Tag Archives: Lucretius

Lucretius and Modernity Conference

Long time APS member, Emma Bianchi, who will be joining the Comparative Literature Department at NYU, called our attention to this conference on Lucretius and Modernity to be held there this October.

Here is the description:

The long shadow cast by Lucretius’s poem falls across the disciplines of philosophy, literary history and criticism, religious studies, classics, political philosophy… Over the past two decades, interest in De rerum natura in each of these fields has grown dramatically, in some cases as hidden Epicurean influences on well-known writers have come to light, in others when the decline of a school or of a particular orthodoxy has left room for a return to Lucretius, and to the Epicurean tradition more broadly—as with the eclipse of normative materialisms in philosophy and politics. Contemporary physics has found in the ancient atomist tradition a strange and evocative mirror; the place of Lucretius’s poetics in the development of modern poetic genres, techniques, and themes has come into sharp focus; political philosophers have identified what Althusser called a “subterranean current” in the materialist tradition, flowing from Epicurus through Spinoza and Marx and to Deleuze, propelled by Lucretius’s great poem.

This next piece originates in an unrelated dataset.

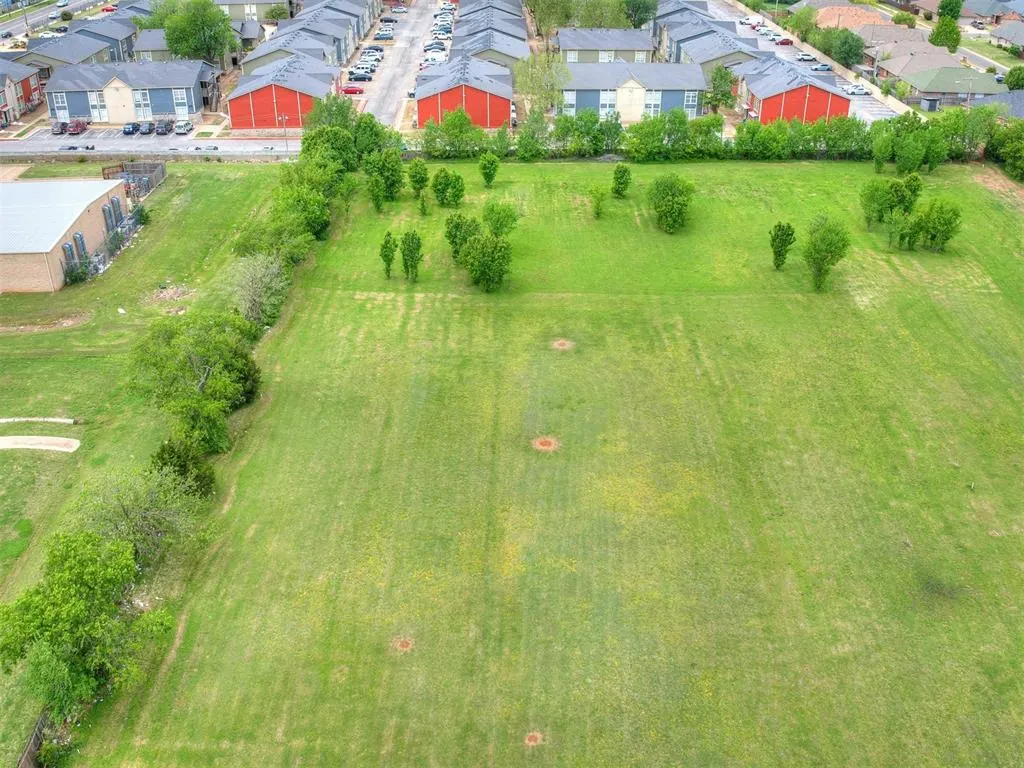 Photo 14 — 10901 N Western Avenue, Oklahoma City, OK 73114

“Lucretius and Modernity” is the first conference to bring together classicists, philosophers and literary critics from Europe and the United States interested centrally in the work of Lucretius and in the long history of his reception. Clustered about four topics—1. What is modern about Lucretius? 2. What is Lucretian about modernity? 3. How to do things with Lucretius: Physics, Politics, Poetics; and 4. Following Lucretius—the papers presented at “Lucretius and Modernity” will provide the occasion for a reflection across disciplinary borders on the poem’s continuing, growing importance.

For more information, visit the Lucretius and Modernity conference site on the Comp Lit website at NYU.

Given Stephen Greenblatt’s recent essay on Lucretius’s “On The Nature Of Things” in the New Yorker, it seems that Lucretius is in the air.